I felt profound sadness. And I felt inadequate to the task.
Mostly, I just listened. My job, as I saw it, wasn't to teach or guide — it was to be there for Bill and his family. I practiced what some call the "ministry of presence." Sitting by the bedside. Touching Bill's shoulder.
Soon, Bill could no longer speak at all. I began spending more time with Susan and the kids than with Bill himself. The family was devastated. The oldest son was leaving for college in the fall and the younger one was in high school. Neither child could speak to me without crying. Susan struggled to keep herself together and shared her thoughts about the next steps for herself and the boys. The three of them weren't just entering a new chapter, she said. They were embarking on a completely new life.
After Bill died and I officiated at the funeral, I reflected on the role that he and his family had played (and still play) in my life. Despite my ambivalence about working as a pulpit rabbi, my relationship with the Diamonds — and the experience of trying to help them through their harrowing journey — reminded me of the great responsibility of my vocation and the possibility it offered me to give my presence, and support, to those who are struggling. Only a religious community possessed that sort of power. Only a spiritual bond could bring total strangers that close to, and responsible for, one another.
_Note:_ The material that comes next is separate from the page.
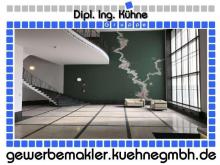 Prov.-frei: Büros zwischen Adenauer und Olivaer Platz Gewerbe mieten 10707 Berlin Bild klein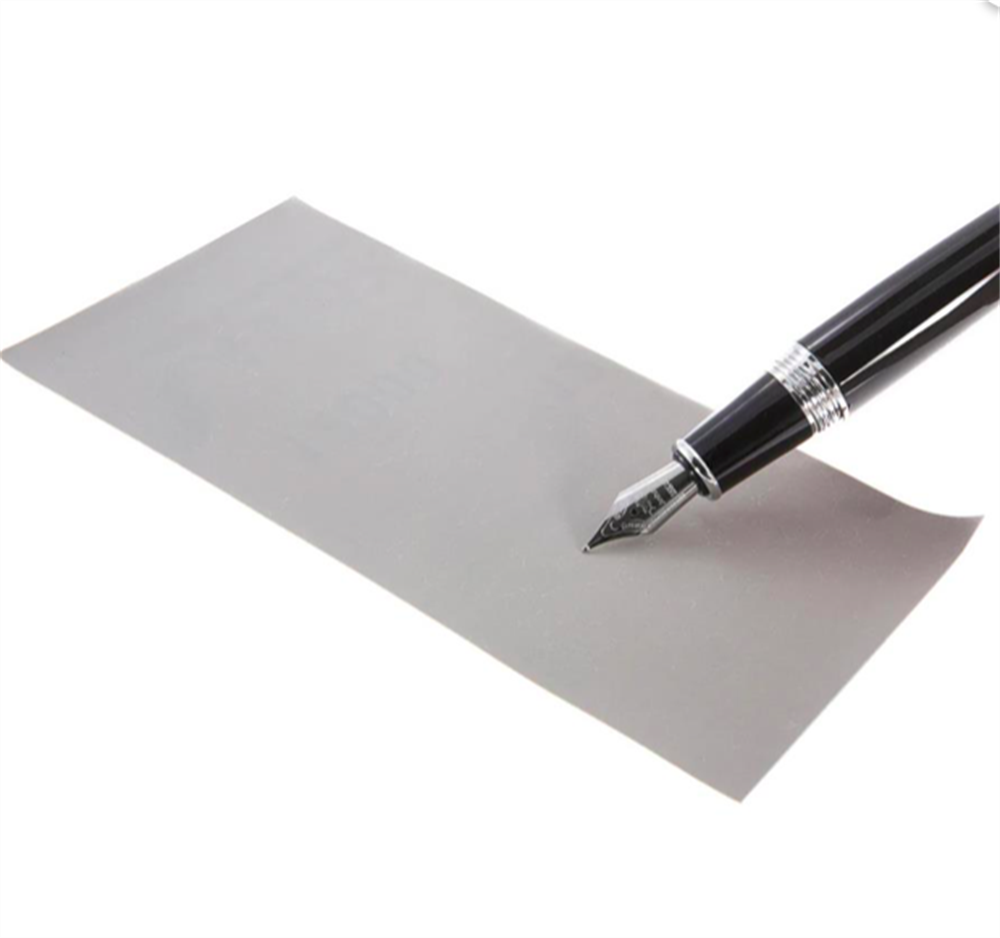 Micro-Mesh 12.000 Grit Kum Zımpara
While my own chapter with the synagogue was coming to a close, I could think of few other career paths that would provide me with the opportunity to enter the life of a family and to strive for positive and lasting impact on the individuals within it.
It has been several years since I have worked as the spiritual leader of a congregation. There is a lot that I do not miss in the slightest — the overall lack of commitment, the internal politics, the sense of entitlement, the overemphasis on bar and bat mitzvahs. What I do miss, however, and what I miss greatly, is having the platform and entry point to serve and comfort those who are in need. I have worked in other contexts since my interactions with the Diamonds, but none of them has been as meaningful, or made me feel as connected to a moral universe. And I wonder if the price I have to pay for participating in such a fulfilling world is my acceptance of imperfection.